All of the data below should be printed again exactly, pictures excluded.

### Material provided
[Start of section]

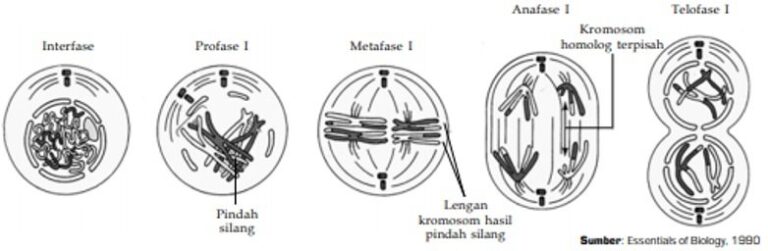 Pembelahan Sel - Amitosis, Mitosis, Meiosis (Fase Profase, Metafase, dsb)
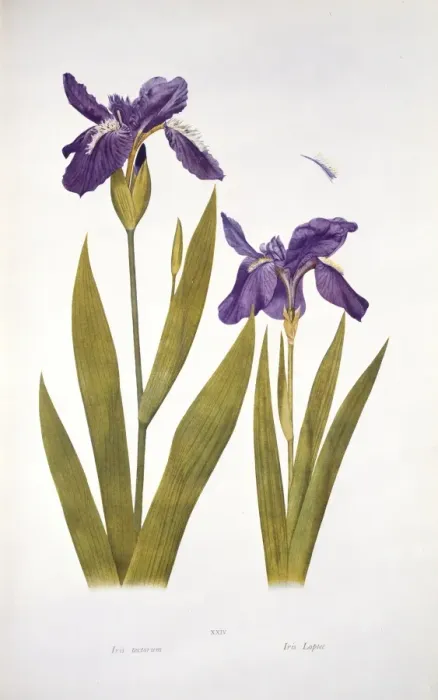 Gerahmter Druck : Irisschutzblume von Maximal, Wildirs Gerahmter Druck : Irisschutzblume von Maximal, Wildirs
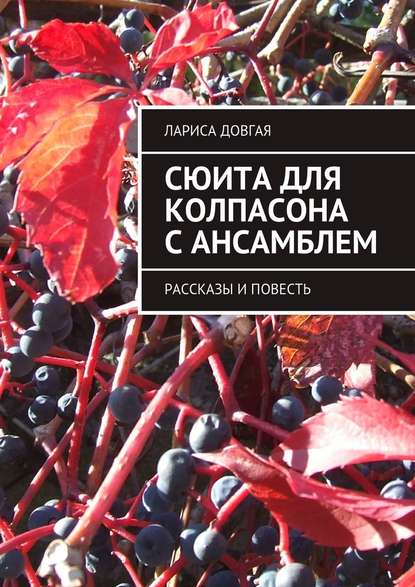 Сюита для колпасона с ансамблем. Рассказы и повесть - Лариса Павловна Довгая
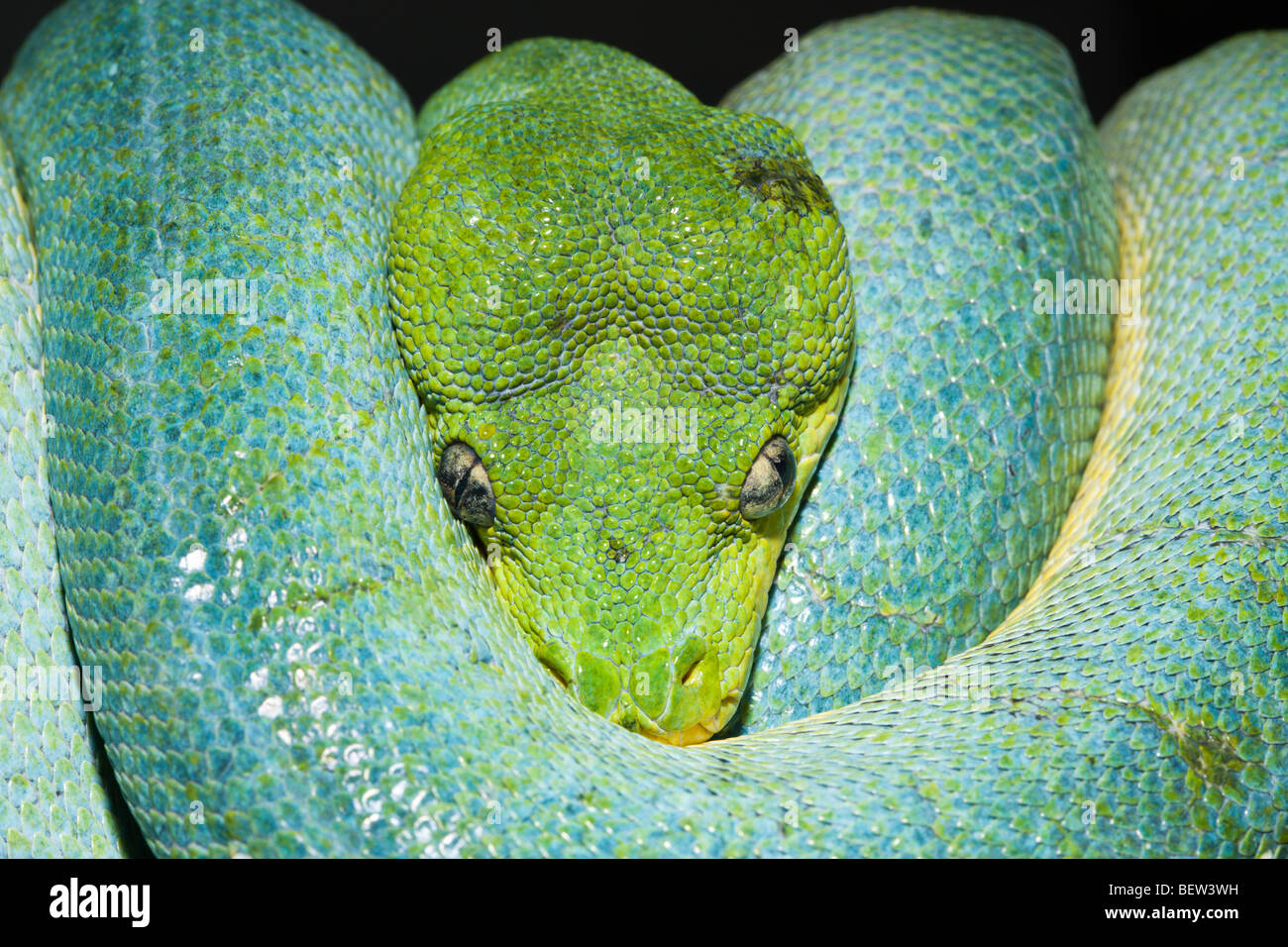 Green Tree Python, Morelia viridis, en Papouasie occidentale, Indonésie Misool Banque D'Images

[End of section]

### Solution to this task
 Pembelahan Sel - Amitosis, Mitosis, Meiosis (Fase Profase, Metafase, dsb)
 Gerahmter Druck : Irisschutzblume von Maximal, Wildirs Gerahmter Druck : Irisschutzblume von Maximal, Wildirs
 Сюита для колпасона с ансамблем. Рассказы и повесть - Лариса Павловна Довгая
 Green Tree Python, Morelia viridis, en Papouasie occidentale, Indonésie Misool Banque D'Images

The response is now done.